Several other survivors of the surrender, the infamous Bataan Death March that followed and years in captivity before liberation were also at the Bataan Memorial across the street from the Roundhouse Monday. But Lucero traveled the farthest to attend.
He said he figured this might be his last chance to see others who’d been around in 1942. “Hopefully not,” he added quickly.
“No words can describe it,” Lucero said of his experiences in the Philippines. “It all comes from the heart.”
But Lucero in fact painted a vivid word picture of what he and wife Evelyn said was one of two escapes. He said his Japanese captors “beat the heck out of me” on a Saturday but on Sunday, they all got drunk.
To escape, “I had to bayonet a young Japanese guard, which to this day hurts my heart. He was a true soldier. I cry for him all the time, but I had to do it.”
At another point, he hid in a foxhole for two days and nights without food and water. He showed a picture of a Filipino woman who helped him and other soldiers in the jungle. “She provided food and safety, to several of us,” he said.
Evelyn said Nano and others were once placed in front of a firing squad but weren’t shot – an effort to get information from the soldiers.
Of the 78,000 American and Filipino soldiers who were ordered to surrender to the Japanese in April 1942, about 1,800 were from New Mexico. About half of the New Mexicans died from the torturous march to a prisoner-of-war camp or by war’s end, speakers said Monday.
“Seventy years later, we still feel the profound impact,” Gov. Susana Martinez said during Tuesday’s commemoration.
“May their memory inspire the hero in all of us,” the governor said.
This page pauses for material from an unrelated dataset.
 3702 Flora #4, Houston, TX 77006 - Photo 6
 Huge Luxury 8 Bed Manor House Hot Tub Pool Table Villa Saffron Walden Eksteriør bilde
Santa Fe Mayor David Coss, reading a proclamation to mark the day, noted that one Bataan survivor often reminds him that the troops were ordered to surrender, and didn’t give up on their own, after Japanese reinforcements broke through Allied lines. The soldiers “wanted to go down fighting,” Coss said.
The ceremony featured the raising of a white flag of surrender. But Col. Tim Paul of the New Mexico National Guard said the flag also represented the sacrifice of the soldiers who died or were killed on the Bataan Peninsula.
The event included a 21-gun salute, and a bagpiper played “Amazing Grace.”
Along with Lucero, other Bataan survivors present Monday were Ralph Rodriguez, John Love, William Overmier, Ernest Montoya and Richard Trask, all of Albuquerque, and Tony Reyna of Taos Pueblo.
During the ceremony, the names of New Mexico Bataan survivors who died over the past year were read. They were Charles Franklin “Charlie” James, Menandro B. Parazo, Max Casaus, Timothy H. Smith, Robert M. Malone, Morgan Thomas “Tommy” Jones, Lee Charlie Roach, Tommy Foy Jr. and Vincent Silva.